For Mrs Henderson, you are more than the number of A’s you receive

One of Karachi's senior most and renowned teachers discusses state of education today

Mrs Yolande Henderson.

KARACHI:
"You can't go through life with 13 A*s plastered on your forehead, what are you?"

This is the motto by which Mrs Yolande Henderson has taught for over 60 years. After graduating from St Joseph's College, Mrs Henderson joined St Patrick's School as an English literature and language teacher in 1954 and never looked back.

Working her way up from a junior teacher to eventually becoming the O' Levels headmistress, her loyalty has remained with the institution throughout her teaching career. Due to the deterioration of her health, she left the school in 2006 but continued to give tuitions at her home.

"Education isn't education anymore," she lamented, explaining her theory that education is more than ‘book knowledge’; it also involves shaping a student's personality. Today, schools don't place as much importance on shaping personalities. Now they focus on schools as a business, she said. They have become commercialised, treating parents as customers, the school administration as salespeople and the students as products.


Mrs Henderson advocated the need for extracurricular activities during her time at St Patricks. PHOTO COURTESY: WILLIE HENDERSON

Mrs Henderson has observed a deterioration of attitude over time as well. The students of yesteryear were more polite and had a more relaxed lifestyle, she claimed. With the rising trend of tuitions and the added pressure of getting admissions to large, prestigious colleges abroad, students have been deprived of the second, unfortunately less stressed upon, aspect of education — becoming a better human being.

She firmly believes the verse, 'to meet with Triumph and Disaster and treat those two imposters just the same' by Rudyard Kipling embodies a quality that is often instilled through sports and other extracurricular activities. Team spirit and confidence can be instilled in students when they are given their chance to shine. Unfortunately, some schools have razed their playing fields in order to beautify their grounds while others don't even let students perform in school plays without pre-recording it. "What kind of message are you sending to the children? That you don't trust them or their abilities?" she wondered.
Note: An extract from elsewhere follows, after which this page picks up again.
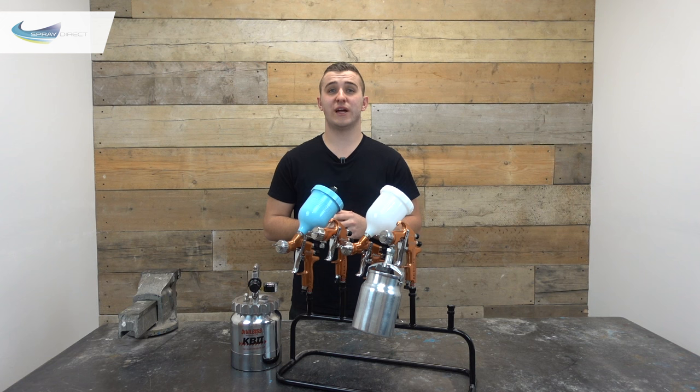Air spray guns are considered to be the original spray gun and they've been around in one form or another since the late 1800s. Air spray is used in an absolutely massive range of different industries and used for a huge variety of different tasks.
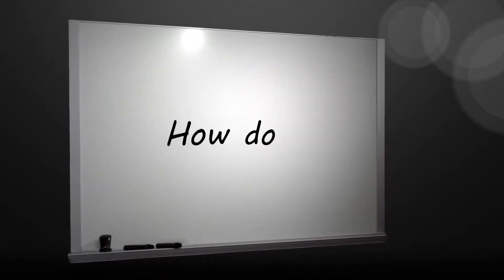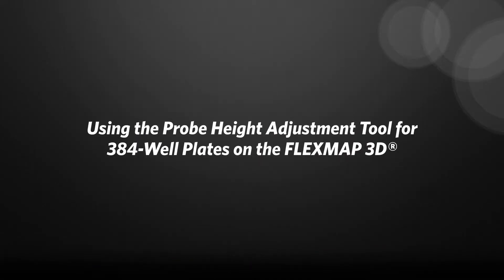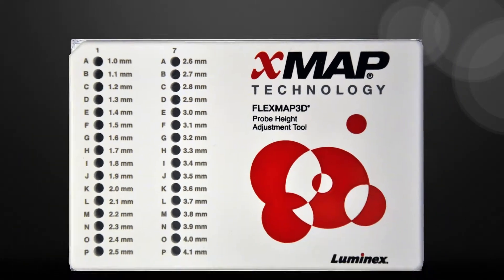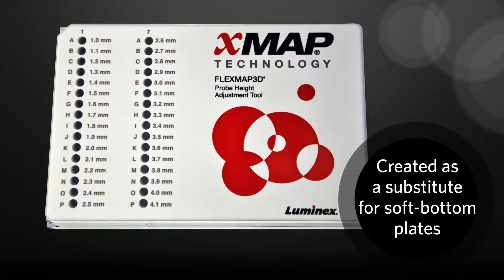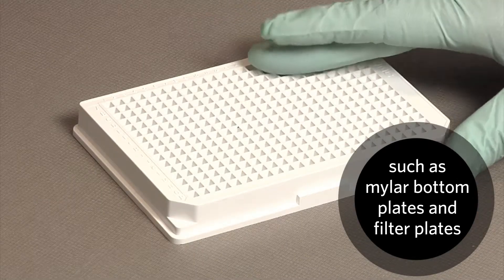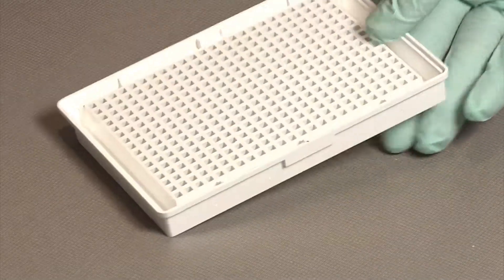How do I use the probe height adjustment tool for 384 well plates on the FlexMap 3D? The FlexMap 3D probe height adjustment tool was created as a substitute to adjust the sample probe height for soft bottom 384 well plates, such as mylar bottom plates and filter plates.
Her son, Willie, claimed that his mother was a driving force behind the school's extracurricular activities, from adding a class library to encouraging students to read and organising school plays.

Falling in love with Pakistan


When her family moved to Pakistan from Goa in 1950, Mrs Henderson wasn't happy with the move. Later though, she came to believe in the Pakistani dream and all that it represented. "I came from a family of doctors and, in order to break the mould, I became a teacher," she said, her eyes twinkling mischievously. "I didn't become a teacher because everyone else [in my community] was doing it, I became one because I loved to teach," she said. This love for teaching seems to have slowly disappeared from today's educators. Today, everyone is out to make a fast buck, she felt.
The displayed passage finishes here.